If you're not sure, ask the clerk for the hours of operation at the Records Division. Make sure you bring the client's release and a blank check to pay for the report. By filling in the check at the counter, you avoid problems related to page miscount or improper calculations of the fee.
When you get the report and before you leave, read it over quickly to be sure ifs the correct one. Make sure the copy is clear and legible and you can read every page. Check to see if the pages are in order and none are missing. Don't hesitate to ask for new copies if the report is fuzzy or incomplete.
Plan your visits carefully. The best times to go to Records are bright and early in the morning or during the hours between 1:30 and 3:00 p.m. Most people (paralegals included) try to go on their lunch hours, and this can mean a long and agonizing wait. If you have more than one case, try to get all the reports you need during one visit. If you call first, get the report numbers, and arrive at a strategic time of the day with the appropriate releases and checks, you should have few problems getting what you need.

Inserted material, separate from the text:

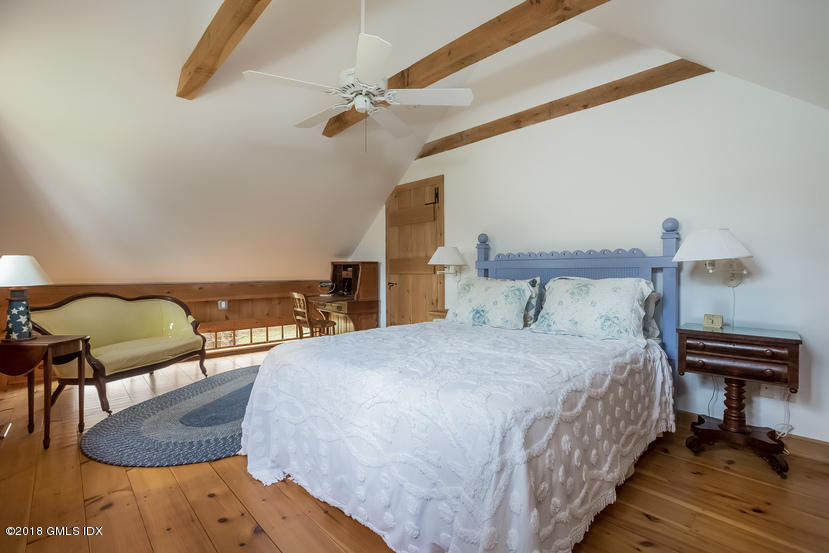 194 Bedford Road Greenwich, CT 06831 - Photo 44 of 44 a bedroom with a bed a dresser and chair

Just as there are good, best-selling books and poor, just-sit-there books, there are good and poor police reports. Good ones are written by officers who have realized early on that the path to promotion starts with good people skills and with better-than-most report-writing skills. Furthermore, these officers have also discovered, possibly through hard experience, that good police reports can prevent nasty civil suits. In an era in which armed robbers can successfully sue officers for injuries they received during gun battles, this is no small factor.
The majority of officers in this country can produce an adequate police report, but few are willing to go the extra mile necessary to complete a truly sterling piece of work. Time deadlines, other cases, and pressures from peers or supervisors can prevent an otherwise good officer from writing the best police report he or she can.
Here is a somewhat alarming paradox: mediocre police reports that leave out the facts and expose law enforcement agencies and their municipalities to civil suits can become your "trump card" in a traffic accident or criminal defense case. Since many police reports are merely adequate, i.e., "I came, I saw, I wrote, I left," you can learn to read reports involving your clients with a more practiced, if not jaundiced, eye.
Finding errors, exploiting omissions, or attacking the officer's experience or training may not sound too friendly nor make you popular with the police, but it does offer one time-honored way for attorneys to win cases for their clients. The more you know about how certain police officers write their reports, the better chance you have to exploit a possible weakness to your advantage.